In the past year, an unusual number of ICBC cases have proceeded to trial.  This is in large part due to ICBC’s current tactic of offering unreasonable and low ICBC settlement offers.   As a result, numerous trials have been adjourned and postponed because there simply are not enough judges or courtrooms to handle the amount of trials.  This has had a devastating impact to injured claimants who had been waiting years to resolve their claims.

As discussed in a previous blog post, trial judges have punished ICBC’s lowball settlement tactics which waste the court’s resources.

A particularly unusual punishment against ICBC was handed down this week in Johnson v. Heer 2020 BCSC 1751.

At trial, the trial judge awarded the injured claimant $147,512.47 for pain and suffering, past loss of income, future loss of income, cost of future care and special damages.  Before trial, ICBC’s offer to settle was $41,000.00 and the injured claimant’s settlement offer was $80,000.00.

The trial judge noted that ICBC did not strenuously defend the claim.  Liability was admitted and ICBC elected not to call any evidence at all.

As punishment against ICBC for clearly wasting the court’s time by refusing to settle fairly and reasonably, the trial judge awarded the injured claimant “double costs”.  The purpose of double costs is to encourage parties to carefully assess the strength or lack thereof of their cases, to discourage the continuation of doubtful cases and to encourage settlement  wherever possible thus freeing up judicial resources for other cases.

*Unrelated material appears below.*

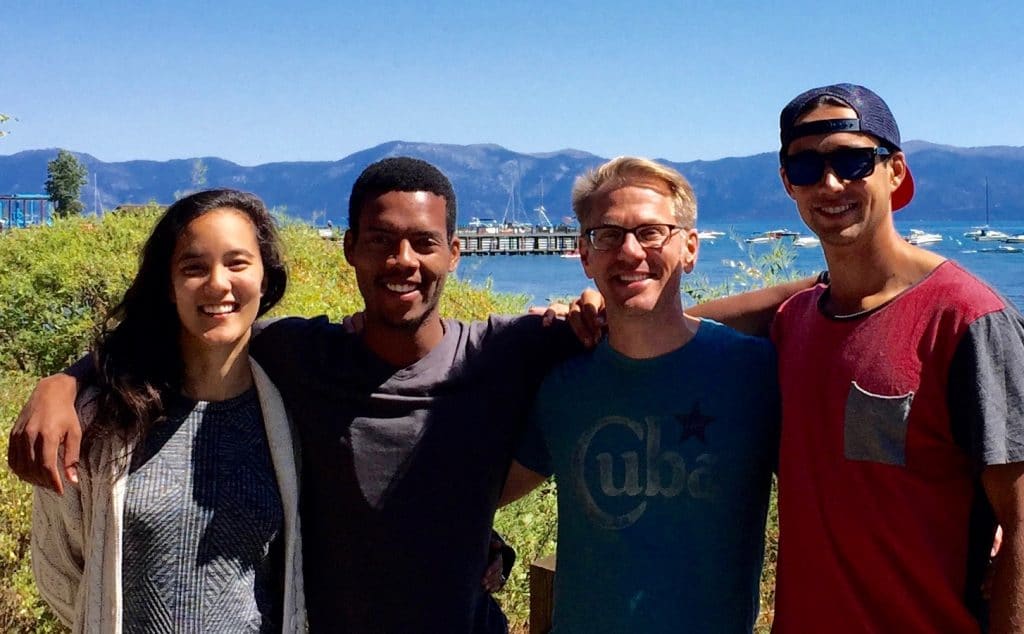 With Madeline Dangerfield-Cho, Vince McPhillip, and Kenny Diekroeger - organizers of the Mindfulness Retreat for first year students from Stanford's Graduate School of Business. At Lake Tahoe!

The injured claimant also made a novel argument to further punish ICBC for its unreasonable behaviour.  He sought “uplift costs” for trial preparation and the trial itself which was unnecessary if ICBC had attempted to negotiate fairly.  In awarding uplift costs to the injured claimant, the trial judge stated:

[33]         This brings me to what I consider to be the unusual circumstances that warrants an award of uplift costs on the specific facts of this case. At trial, the defendant submitted that the plaintiff’s damages ought to be in the range of $69,943 to $111,943. The lower range of the defendant’s submission was some $28,942 higher than the defendant’s own formal offer to settle, which remained open until the eve of trial. Even more unusual is that the upper range of the defendant’s submission was $31,943 higher than the plaintiff’s final formal offer to settle, (which also had remained open until the eve of trial), and $14,443 higher than the plaintiff’s original formal offer to settle.

[34]         In these circumstances, it would appear the only reason the defendant did not accept either of the plaintiff’s offers was to simply force the plaintiff to go to trial. This conduct required the plaintiff to expend even more funds than it already had. It is difficult to fathom why the defendant would force the trial to proceed when it could have settled the trial for less money than it submitted the plaintiff was entitled to at trial.

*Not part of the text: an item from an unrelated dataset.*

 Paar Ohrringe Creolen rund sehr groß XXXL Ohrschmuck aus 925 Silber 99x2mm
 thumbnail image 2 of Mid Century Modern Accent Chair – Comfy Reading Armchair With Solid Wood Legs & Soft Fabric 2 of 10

[35]         While the defendant is not required to make an offer, it did. Moreover, while the defendant is not required to accept an offer, they have agreed that they should have. Clearly, this concession is not based solely upon the benefit of hindsight after the judgment was rendered. The defendant knew at the time of trial that it should have accepted the plaintiff’s offer, as evidenced by their submission at trial that the range the plaintiff was entitled to was more than the plaintiff had offered. Instead, the defendant forced the plaintiff to trial to obtain what the defendant itself obviously considered to be a fair result, when there was a clear and open way to avoid the need for the trial at all.

[36]         Moreover, I note that this trial proceeded a matter of just a few weeks after the court resumed limited operations following its closure due to the COVID‑19 pandemic. The pandemic was at its relatively early stages at the time of the trial, and public health officials had urged British Columbians to limit their exposure to public places to only essential matters. In the circumstances I have described, attendance at this trial was not essential and it exposed the plaintiff, her husband, her mother, her counsel and defence counsel to an increased risk of exposure to the virus. In these unusual circumstances, I find that an award of costs on the usual scale would be unjust, and I exercise my discretion to award uplift costs to the plaintiff for trial preparation and attendance at trial for items 34 and 35 of the Tariff.

Despite what the NDP has tried to convince the public of, this case serves as a prime example of how ICBC is the problem, not injured claimants or their counsel.